*Your instructions*:
Restate the data below word for word. Leave the images out.

*Entries supplied*:
◇ ◇ ◇ ◇ ◇ ◇ ◇

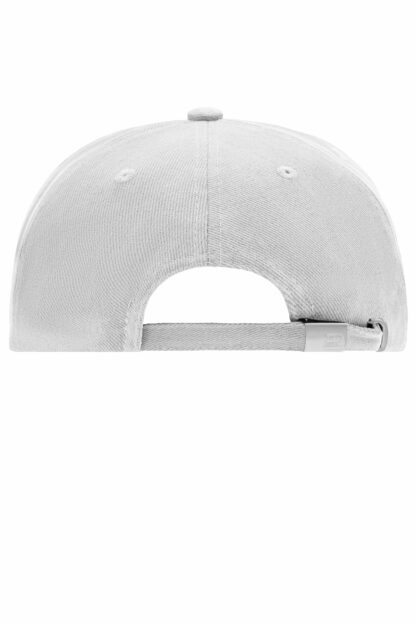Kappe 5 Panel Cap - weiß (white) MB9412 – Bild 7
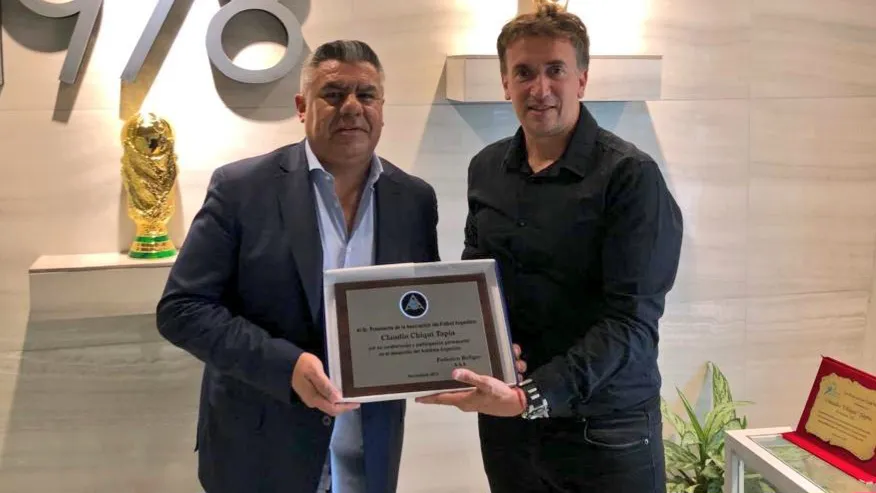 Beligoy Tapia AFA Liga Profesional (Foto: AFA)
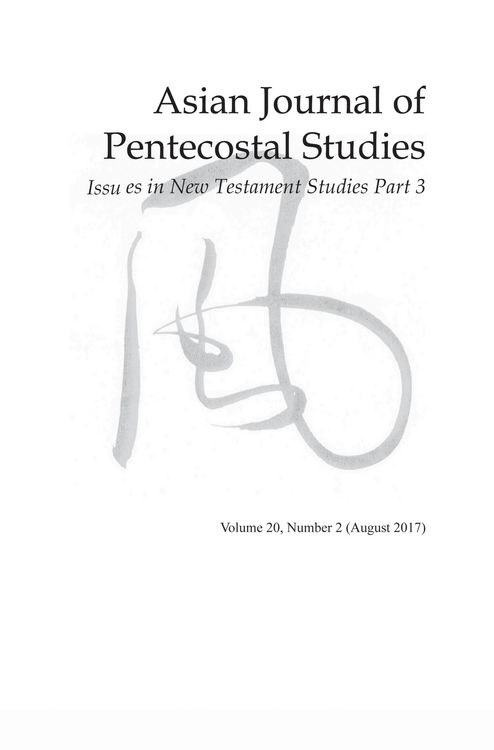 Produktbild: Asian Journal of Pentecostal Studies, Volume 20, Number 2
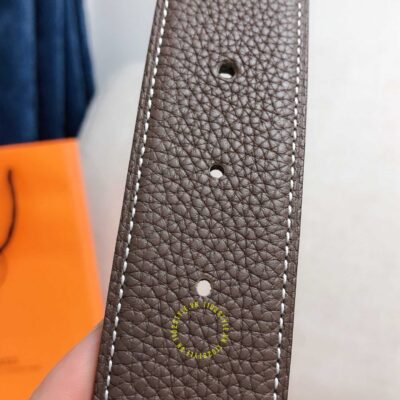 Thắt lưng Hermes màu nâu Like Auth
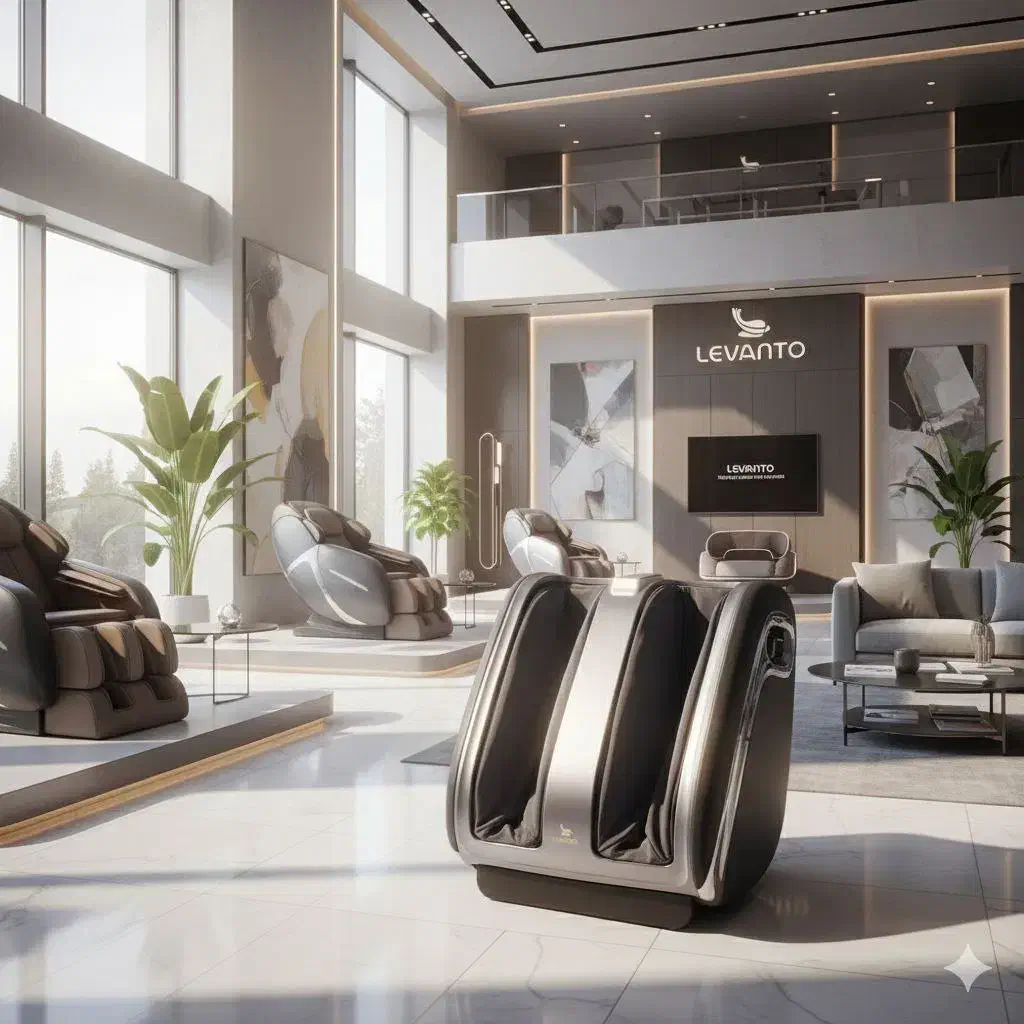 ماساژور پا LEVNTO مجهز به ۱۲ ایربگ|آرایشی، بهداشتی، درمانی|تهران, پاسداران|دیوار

◇ ◇ ◇ ◇ ◇ ◇ ◇

*Output for this exercise*:
Kappe 5 Panel Cap - weiß (white) MB9412 – Bild 7
 Beligoy Tapia AFA Liga Profesional (Foto: AFA)
 Produktbild: Asian Journal of Pentecostal Studies, Volume 20, Number 2
 Thắt lưng Hermes màu nâu Like Auth
 ماساژور پا LEVNTO مجهز به ۱۲ ایربگ|آرایشی، بهداشتی، درمانی|تهران, پاسداران|دیوار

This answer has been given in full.